Elements of style.
While the villanelle’s repeating lines and constant rhyme scheme requires deftness in choosing an end-of-line word with a multiple rhyming syllable, its construction falls right into the lap of storytelling. Like stories, villanelles tend to have a beginning element (first tercet), development (second through fourth tercets) and resolution/conclusion (final quatrain). Thus, they feel rhythmic and musical to the spoken voice, and they build in momentum, intensity, and impact.
When beginning to compose your villanelle, spend extra time brainstorming and revising the two refrains. Because they’ll repeat several times throughout the poem, these lines will be your reader’s focus. The other content should work to alter the meaning of the refrains as they repeat throughout the piece. This will heighten your reader’s experience of the language the material will remain, but the message will twist and change as the poem progresses.
Attention to detail.
A recent villanelle by New Formalist adherent Harvey Stanbrough (from his National Book Award-nominated collection, Beyond the Masks) illustrates the process of writing the form. Stanbrough’s poem, "Roses?", draws from his skill as an astute observer. When he teaches observation workshops, Stanbrough often sends students into a grove of trees. He instructs them to look at the bark and write about the shades, textures, and striations they see. If they write material like, "The bark is brown," he sends them back into the grove because he, the poet, sees countless shades of brown, as well as other colors.
This process of returning is similar to a reader’s experience with the villanelle. As the reader rediscovers the refrains as they repeat through the poem, he or she will learn something new about the poem and themselves. Pay special attention to how your refrains contort and change in this verse form.
Setting the tone.
To begin, Stanbrough sets up the poem by creating a fine rhyming couplet (the baseline couplet) that will become the alternating refrain lines. He then splits the couplet with a movement line, completing the opening tercet:
When pink and red entwine, their dreams to share
and climb as one, combining strength and grace,
then will the scents of roses fill the air.
He’s already characterized the two roses and their life mission: to grow as one. This metaphor for sacred relationship also shows the vital role of the first tercet in setting the tone for the villanelle.
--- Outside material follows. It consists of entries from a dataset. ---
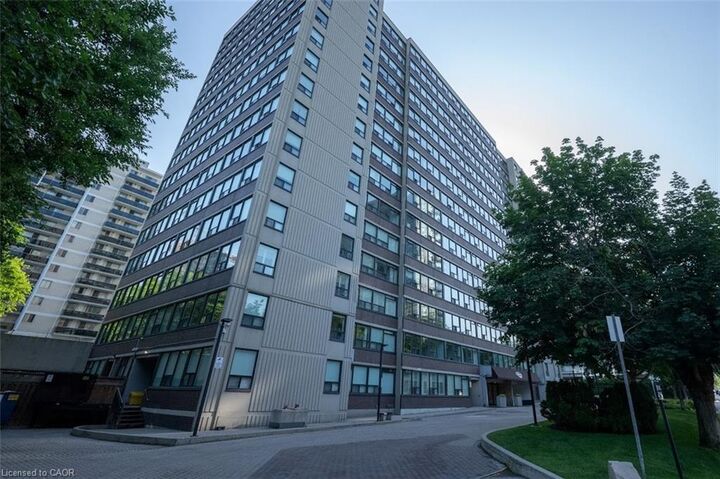 Property Photo: 120 Duke Street 1201 ON Z1Z 1Z1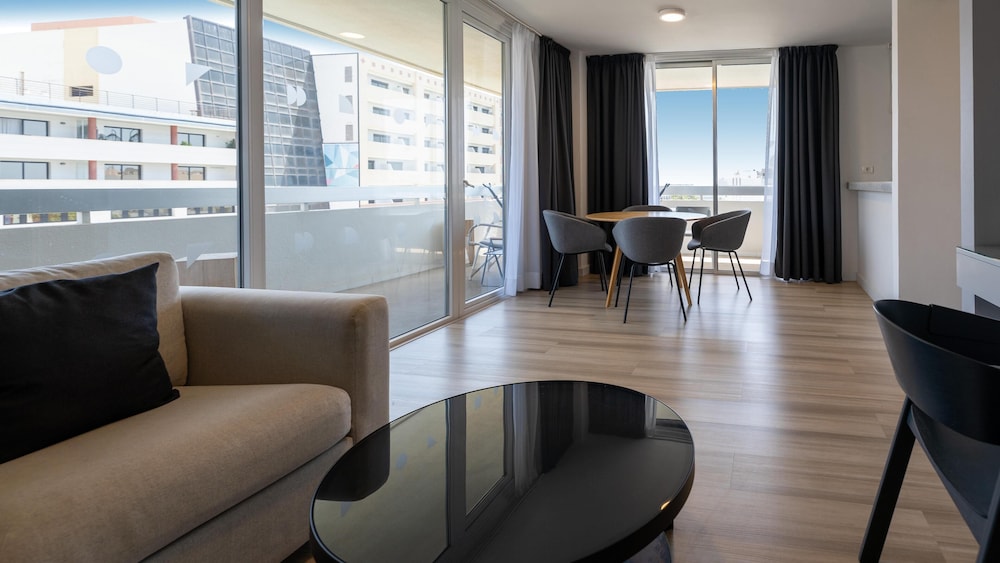 Coral Suites & Spa - Adults Only 48/64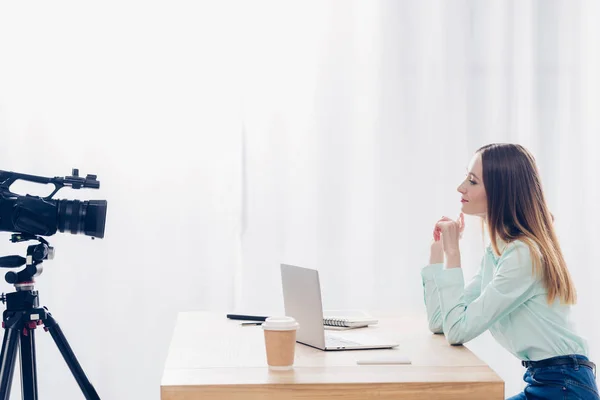 Seitenansicht der attraktiven weiblichen Video-Bloggerin, die Vlog im Büro aufzeichnet — Stockfoto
The sounds Stanbrough chose to serve as his two root rhymes (-air/-are and –ace) feed countless rhyming words, which is the villanelle writer’s goal. He has already made his job easier.
Every word counts.
Stanbrough begins his development phase by focusing on the pink rose, but then brings us back to the core theme by closing with each half of the baseline couplet. He provides succinct descriptions of the rose’s feminine attributes in just two lines and 20 syllables per stanza, then "sings" the refrain. Every word counts in villanelle.
The pink, its petals soft, its scent a rare
and gentle one, will take its rightful place
when pink and red entwine, their dreams to share.
Notice how Stanbrough adds to the sensation of this pink-red combination. Not only do we understand how the colors will work together, but we have this sense of smell that could heighten the experience. You almost have to wonder about the refrain, as well. Can we think of the dreams of these roses as their scents? Here’s the next stanza:
No longer will the wind easily pare
the strengthened petals from the coral face;
then will the scents of roses fill the air.
At this point in the villanelle writing process, poets should start to gain a realization of how well their refrains will repeat and work throughout the piece. Although you’ve already give your refrains a lot of thought prior to even beginning your poem, here’s an optimum place to pause and revise.
Stanbrough proceeds to describe how the masculinity of the red rose will be softened and humbled by joining with the pink rose. The opening two lines of each stanza fuse so tightly with the bottom refrain line that each tercet could stand alone as a mini-poem. In addition, the poem builds through its rethinking and reconfiguration of the refrains:
The red, upon a stem that’s long and fair,
will learn humility and grow in grace
when red and pink entwine, their dreams to share.
No longer will pride outweigh the carethat ‘neath the sun, all have an equal place;
then will the scents of roses fill the air,
Then the conclusion: how red and pink will grow as one, having fused their strengths and either shorn away or transformed their weaknesses. The final line is nothing less than the reward of a deep love as it touches those around the two roses.
and each of them, with petals strong and fair,
will give and take with ease and grow in pace
when red and pink entwine, their dreams to share,
Then will the scents of roses fill the air.
Stanbrough closes the poem with complete smoothness and grace, not only showing sensitivity to his subject but also good craftsmanship. While being kept distant throughout the entirety of the poem, the two refrains come together (much like the two roses do). Just as the petals "will give and take with ease and grow and pace," these two refrains fuel the blooming of this villanelle.
So as you begin to construct your own villanelle, think about how you’re going to take advantage of this unique form. Stanbrough focuses his poem on two distinct roses coming together, and this reads as a perfect match for the eventual coming together of the two refrains of the villanelle. How are you going to match the content to the movement of the form?